(Source records)
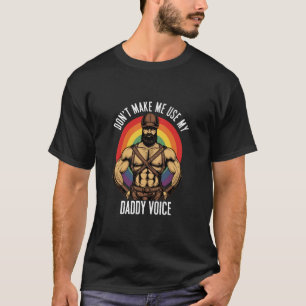 Männer lassen mich nicht meinen Daddy Voice Gay Bä T-Shirt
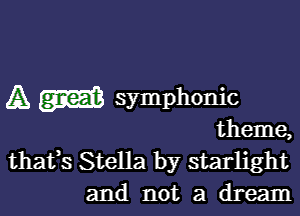 A symphonic

theme,

thafs Stella by starlight
and not a dream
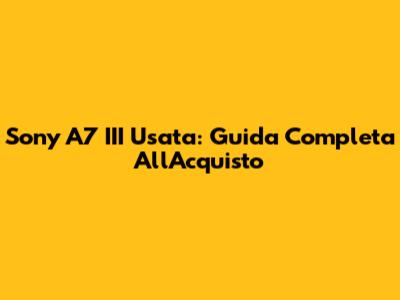 Sony A7 III Usata: Guida Completa All'Acquisto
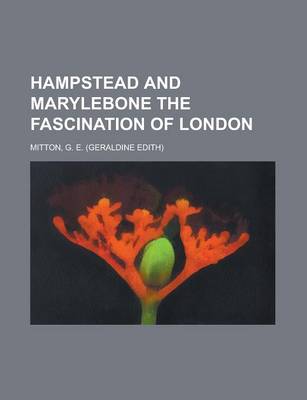 Book cover for Hampstead and Marylebone the Fascination of London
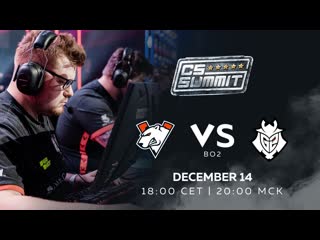 Vs g2 cs summit 5 group stage bo2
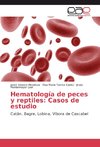 Hematología de peces y reptiles: Casos de estudio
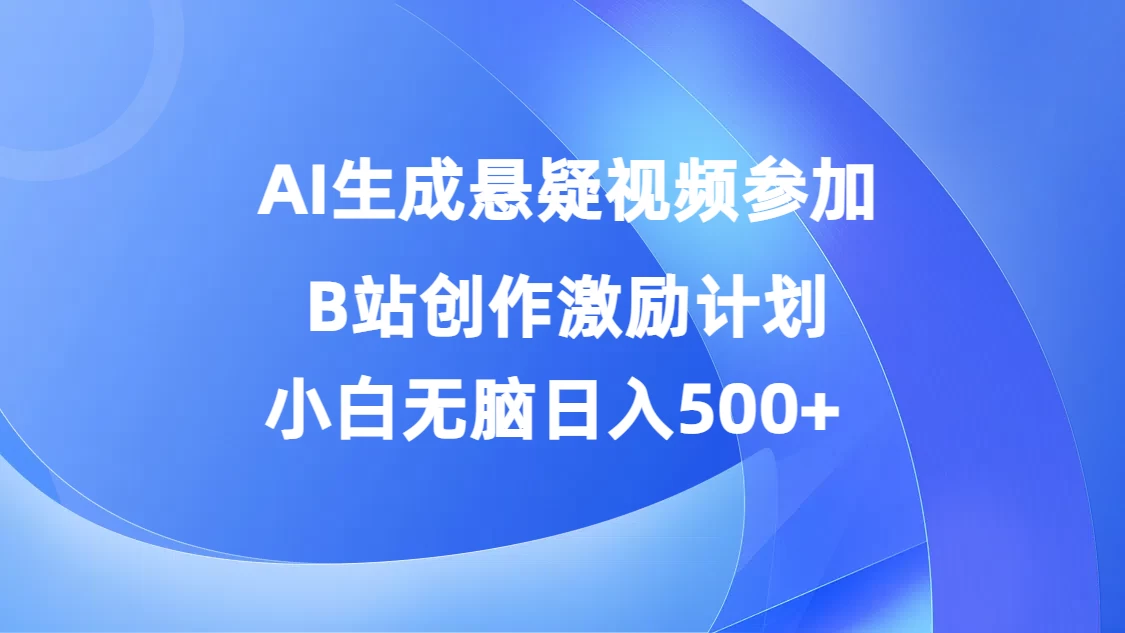 AI生成悬疑视频参加B站创作激励计划，小白无脑日入500+ - 项目资源网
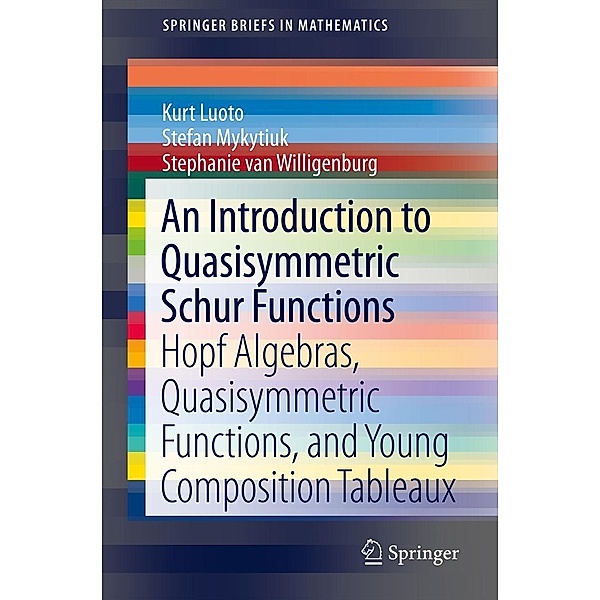 An Introduction to Quasisymmetric Schur Functions / SpringerBriefs in Mathematics, Kurt Luoto, Stefan Mykytiuk, Stephanie van Willigenburg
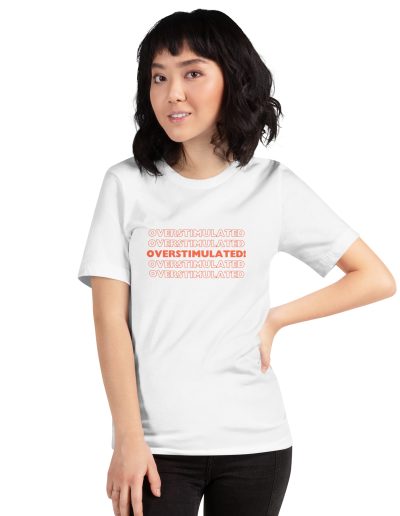 OVERSTIMULATED! Unisex T-shirt
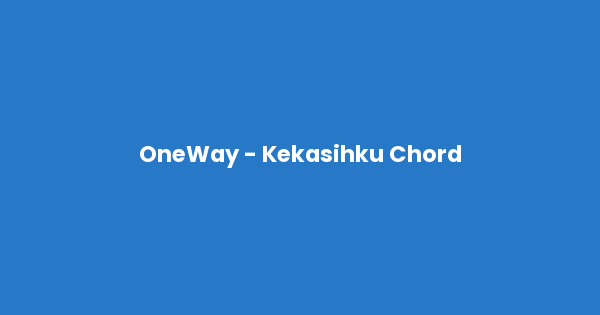 Kunci gitar dan lirik lagu OneWay - Kekasihku Chord lengkap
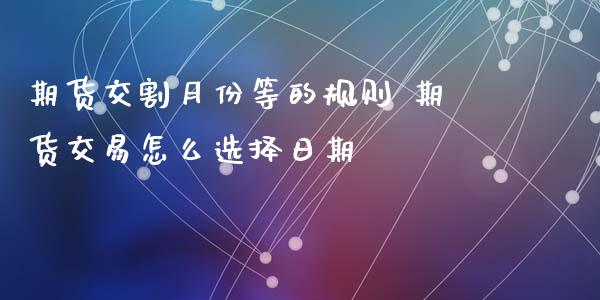 期货交割月份等的规则 期货交易怎么选择日期_https://www.zghnxxa.com_内盘期货_第1张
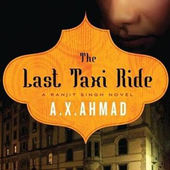 "The last taxi ride" by A.X. Ahmad 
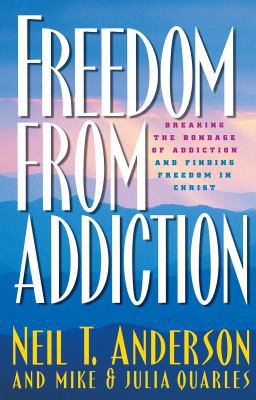 Freedom from Addiction: Breaking the Bondage of... 0764213938 Book Cover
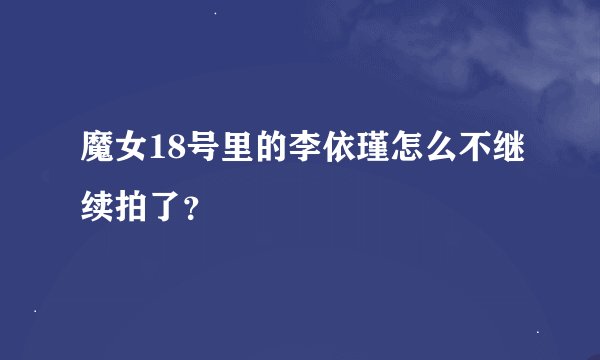 魔女18号里的李依瑾怎么不继续拍了？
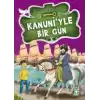 Kanuni’yle Bir Gün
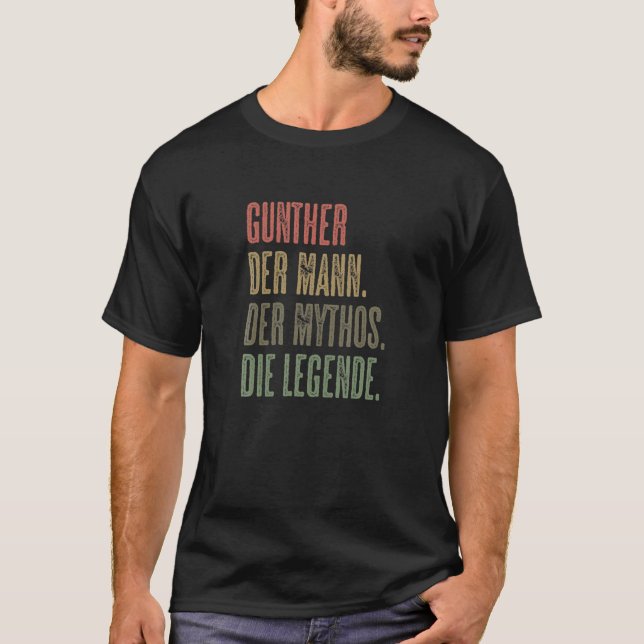 T-shirt GUNTHER - Der Mann Der Mythos Die Legende | Nom K (Devant)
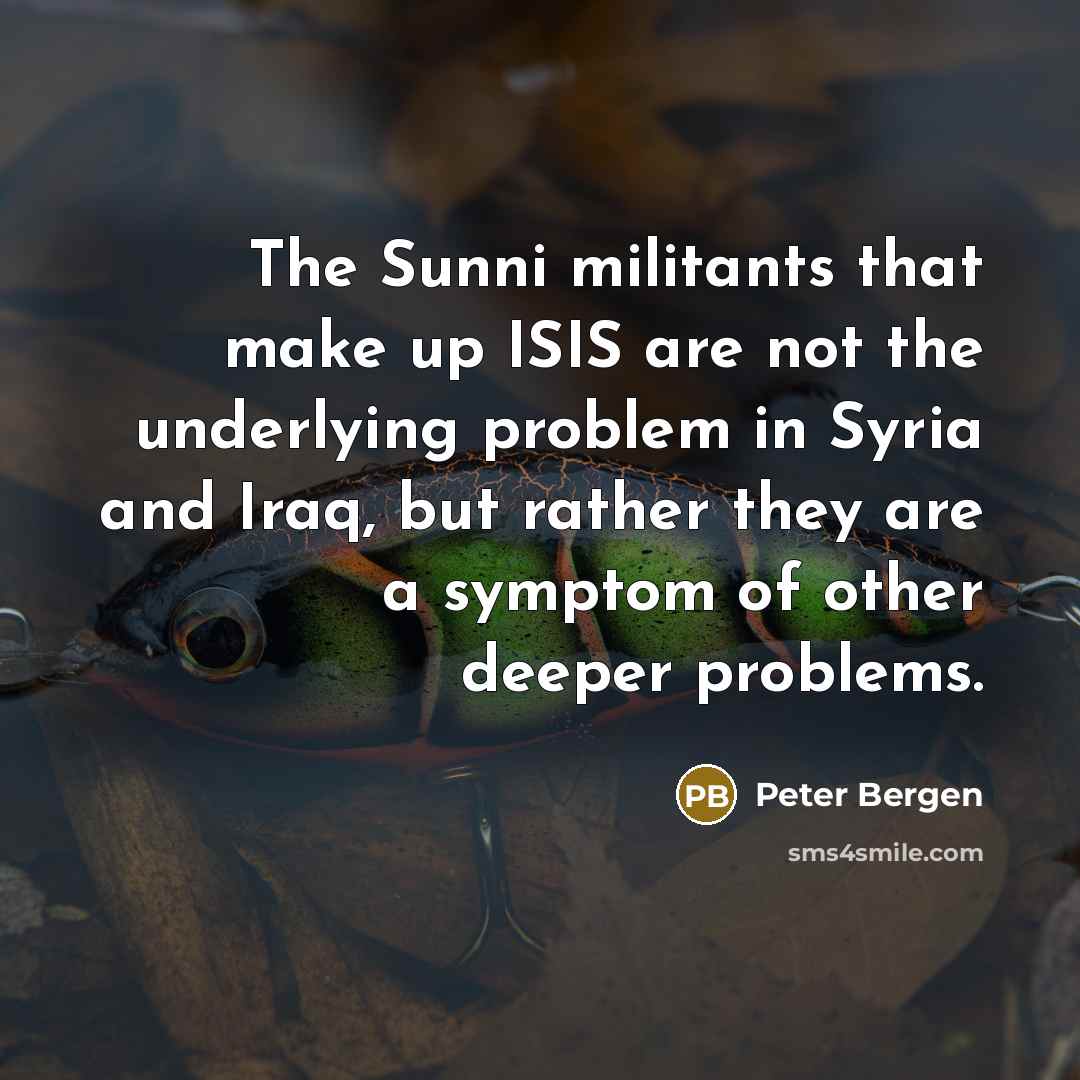 “The Sunni militants that make up ISIS are not the…” quote by Peter Bergen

### Problem statement
Write out the records above exactly. Pictures do not belong in the copy.

### Result of the exercise
 Männer lassen mich nicht meinen Daddy Voice Gay Bä T-Shirt
 A symphonic

theme,

thafs Stella by starlight
and not a dream
 Sony A7 III Usata: Guida Completa All'Acquisto
 Book cover for Hampstead and Marylebone the Fascination of London
 Vs g2 cs summit 5 group stage bo2
 Hematología de peces y reptiles: Casos de estudio
 AI生成悬疑视频参加B站创作激励计划，小白无脑日入500+ - 项目资源网
 An Introduction to Quasisymmetric Schur Functions / SpringerBriefs in Mathematics, Kurt Luoto, Stefan Mykytiuk, Stephanie van Willigenburg
 OVERSTIMULATED! Unisex T-shirt
 Kunci gitar dan lirik lagu OneWay - Kekasihku Chord lengkap
 期货交割月份等的规则 期货交易怎么选择日期_https://www.zghnxxa.com_内盘期货_第1张
 "The last taxi ride" by A.X. Ahmad 
 Freedom from Addiction: Breaking the Bondage of... 0764213938 Book Cover
 魔女18号里的李依瑾怎么不继续拍了？
 Kanuni’yle Bir Gün
 T-shirt GUNTHER - Der Mann Der Mythos Die Legende | Nom K (Devant)
 “The Sunni militants that make up ISIS are not the…” quote by Peter Bergen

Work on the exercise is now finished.